Les cadeaux de Genève à la Chine

L’institution, créée en 2011, compte neuf collaborateurs, dont trois de Chine et payés par elle, et trois bénéficiaires de bourse. Coût de fonctionnement: un million de francs, dont 300’000 à la charge de Pékin. Le reste, c’est cadeau. Sans compter l’emplacement prestigieux mis à disposition sans frais. Son directeur, Basile Zimmermann, maître de recherches, plaide, dans une interview à l’Agefi, pour ce partenariat sino-helvétique, sous la double houlette de l’Université de Genève et de l’Université Renmin à Pékin.

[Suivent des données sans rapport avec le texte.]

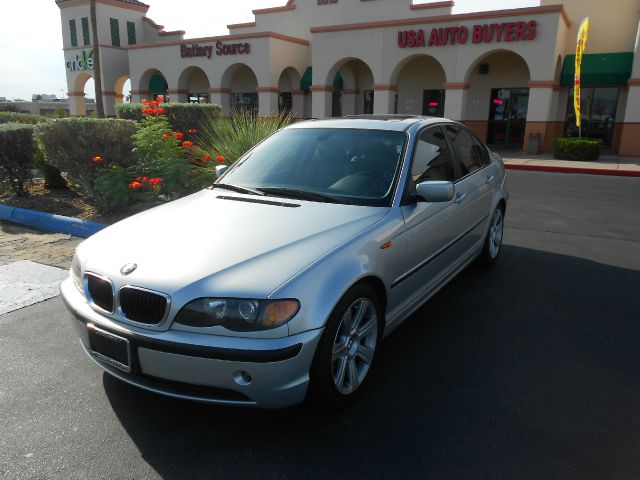 BMW 3 series 2003 photo 2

Cet attelage curieux, sans équivalent avec d’autres pays, pose évidemment la question de l’indépendance des travaux. Explications: «Légalement, le dernier mot appartient à la Suisse (…) Mais il s’agit aussi d’une tactique où les deux côtés sont respectés, grâce à un droit de veto. On a commencé d’égal à égal avec eux et demain, les Chinois seront plus forts que nous. Préparons-nous alors pour les 30 prochaines années (…) On traite parfois les Chinois par du mépris et de la peur. Alors qu’on pourrait aussi les féliciter pour leurs succès, se taire et demander ce dont ils ont besoin pour résoudre les problèmes qui subsistent dans leur pays.» Cet ambassadeur informel de la Chine prend ses précautions: «Nous ne faisons pas d’activisme politique. En science, on compare, on analyse, on discute. Notre réponse aux critiques, nous la faisons en étant spécialisés, en étant discrets. On communique peu sur ce que l’on fait, on se concentre sur les résultats… »
Des critiques? Il y en a eu au départ. Aujourd’hui, c’est silence radio autour de l’étrange institut sino-genevois. Les droits humains? Blaise Zimmermann botte en touche: «Le thème est souvent lié à celui des religions, qui se mélange avec le social et le politique. La religion est vue comme un «hobby» par le gouvernement chinois. Mais si les croyances prennent le dessus, alors cela pose problème. Afin d’apporter des clés de compréhension, nous avions fait inviter à Pékin le célèbre professeur d’histoire des religions de l’Université de Genève, Philippe Borgeaud.» Alors tout est bien!
On n’en revient pas de voir un responsable de l’Université se mettre ainsi au service d’une grande puissance totalitaire et expansionniste. Imaginons une compromission semblable avec la Russie… et les hauts cris!
Que l’Université de Genève s’intéresse de près à la Chine, établisse des ponts académiques, c’est tout à son honneur. Mais une telle servilité est indigne. Et pourquoi, avec l’octroi de cette somptueuse demeure, faire un tel cadeau à ce pays, alors que Français, Allemands, Italiens, Britanniques assurent à leurs frais leur présence culturelle en Suisse?
Que ces propos, de grâce, n’inquiètent pas nos amis de Pékin! L’à-plat-ventrisme helvétique leur est assuré. Ils en ont eu la confirmation avec les courbettes de notre président de la Confédération devant le grand Xi Jinping. Et ce n’est pas son parti, l’UDC, farouche défenseur de la neutralité, qui s’offusquera de ce mariage académique peu ordinaire. Il est trop occupé à mener la résistance contre l’affreuse Europe. Pas de soucis, chers Chinois. Les universitaires genevois ne sont pas près d’étudier sous un jour critique l’écrasement des idéaux démocratiques et l’expansionnisme mondial de la puissance montante du 21e siècle.